Quebec's international airport at Mirabel has long been scorned by locals as an exorbitant white elephant and blight on the countryside that absorbed far too many tax dollars, to no purpose. Pierre Nepveu addresses the impact of this fiasco, what it meant to the countryside and farming communities, in his free verse collection, Mirabel, translated from the French by Judith Cowan.
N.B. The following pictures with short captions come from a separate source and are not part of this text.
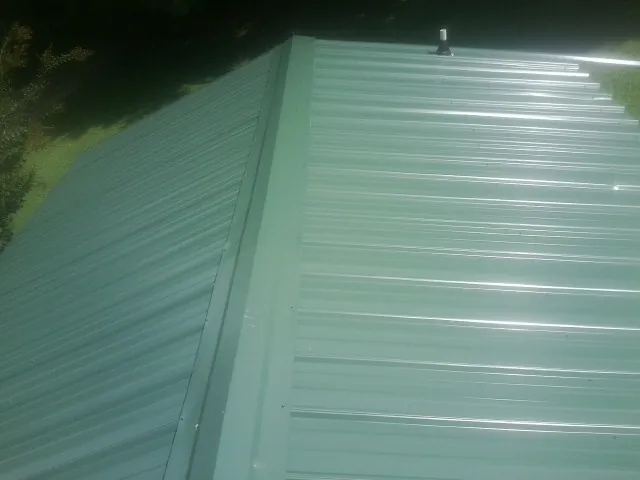 New green metal panels meeting at the ridge of a roof — Flat Roof Repair work by our crew in Rohnert Park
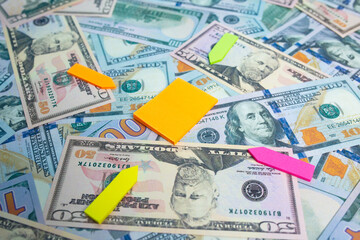 Blank note paper close-up on dollar banknote background. Place your message on the notebook page.
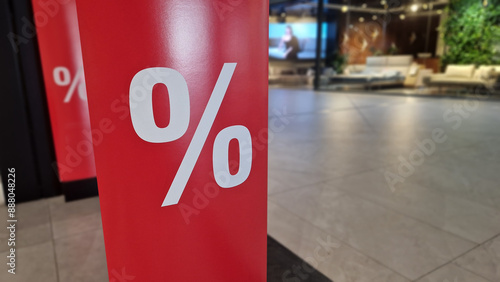 Red bright banner with the image of sales percentages on the anti-theft gate sensor in a shopping center. Red bright sale banner. Seasonal offer of discounts upon entering the store. Big red panels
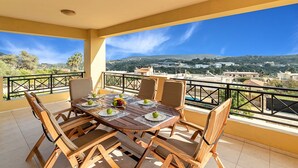 Ein Balkon mit Holztisch, gedeckt für vier Personen, Stühlen und Blick auf eine Stadt und Hügel.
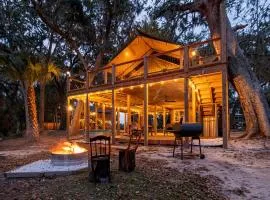 Unique Marshfront Treehouse Stay with Heated Soaking Tub & Adventure-Inspired Escape in Townsend, Georgia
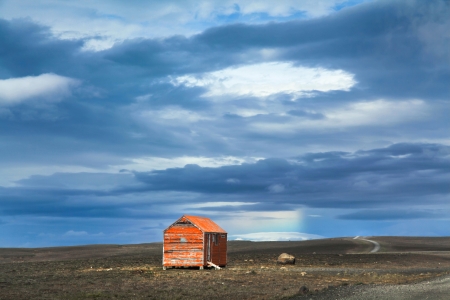 Panoramic view of barren landscape with old red snowstorm shelter at Kjolur highland road, Icelandの写真素材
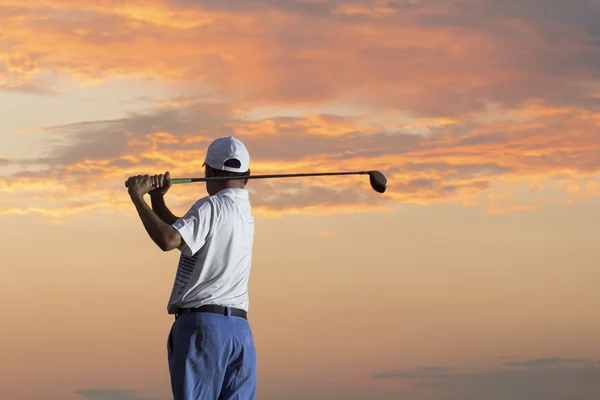 Man spelar golf mot solnedgången — Stockfoto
The collection is divided into three parts - 'Approach Paths', 'Mirabel' and 'Return'. I found the Author's Note at the back of the book, as interesting as the poetry. In it, Nepveu tells us that Mirabel's construction brought about the expropriation of 'an enormous tract of land' (ten times more than needed) and swallowed 'thousands of modest farms situated on very fertile land.' The airport was announced in 1969, inaugurated in 1975, under-used, and left empty in 2002. Pierre Nepveu calls it 'a preposterous monument to bureaucratic and governmental incompetence.'

I liked his 'New World': 'In these once seigneurial regions / of ancient orchards and luminous acres, / the century unfolded without incident ... but on an afternoon in spring / the future's trumpets blared'. The poet takes different perspectives, including those of a surveyor's notes and a cleaning woman's diary. Verses that appealed to me most spoke of nature as in 'the quintessential autumn magic' addressed in 'Living Twilight'; 'The Man of the Land', portrayed 'alone / with the wind and his encyclopedia / of birds and flowers'; and 'Last Visit' in which 'lost wild geese / settle softly on the empty runway'.

In its original (French) publication, the collection won Canada's Governor General's Award and the International Poetry Festival's Grand Prize in 2003. And Judith Cowan won the 2004 Governor General's Literary Award for Translation. Mirabel is a fascinating example of poetry as a vehicle for environmental and social commentary.